If you’re in our shifting demographic you probably don’t have to move along, but know we’ve noticed that you’re here and we’re cooking up new ways to look at things.
The first is transparency with your constituency. Younger generations aren’t making a ton of money, yet they’re more willing to give. As willing as they are, they still want to know where their money is going when they donate. Take steps to become more transparent by showcasing some of your nonprofit’s recent work on your website, social media and in your newsletters.
Another trend that I think will outlive the “trend” phase is personal storytelling as a marketing tactic. Younger generations love the idea of putting a face to a cause because it gives them something to relate to. So ask people to tell their stories of success and promote those on your platforms.
Finally, a movement we’ve seen grow recently and that I think we’ll be seeing a lot of in the future is collective impact initiatives. Collective impact is essentially getting together with someone else in your community to solve an issue that’s affecting your community. In 2017, we saw this in everything from neighborhood planning projects to the Women’s March on Washington. The younger generation is all about putting their differences aside, getting together and working in unison to make progress. In 2018, explore ways that your nonprofit can collaborate with others to achieve its mission.
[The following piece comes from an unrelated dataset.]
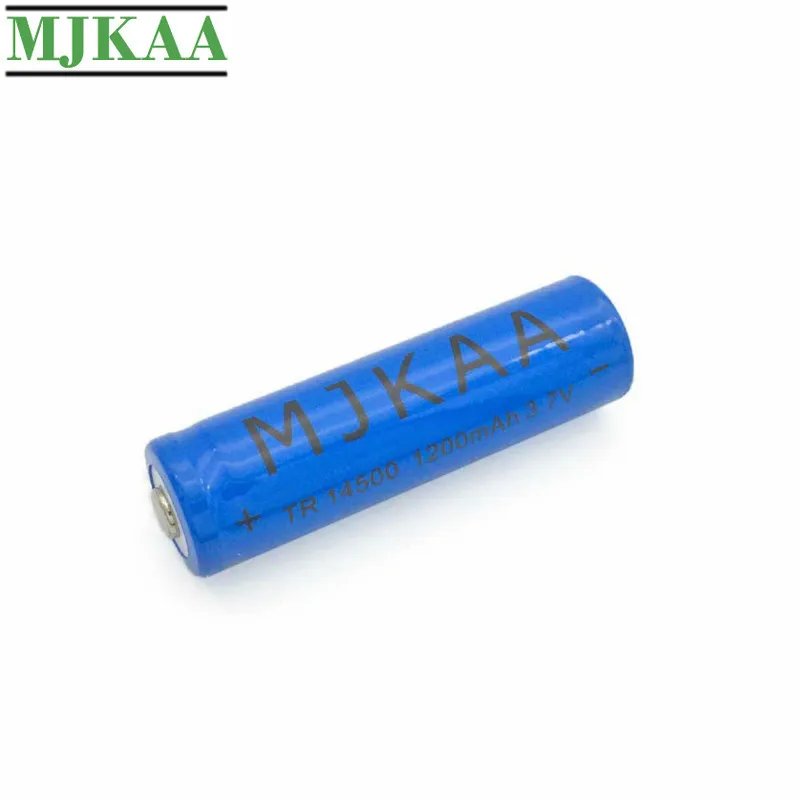 MJKAA 20 шт. AA 14500 3 7 V 1200mAh литий ионная аккумуляторная батарея подходит для лазерной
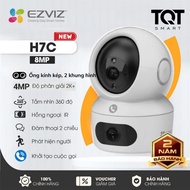 EZVIZ Dual Eye Wifi Camera H7C 8MP (4MP + 4MP) High Quality Indoor, 360 Degree Rotation - 2-Way Talk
There’s a big leadership transition happening right now, and for those nonprofits that have been around the block a couple times, it’s a weird spot to be in. Though basic things like building relationships are still key for every nonprofit, we have to take notice of new trends, too. There are ways the younger generation is influencing the sector that I think we can all get behind.
So what does this mean for you? We’ll still be living our mission of making nonprofits more remarkable, but the way we go about it might look a little different. And that’s okay—remember that if you’re not changing and adapting with the times, your organization could suffer.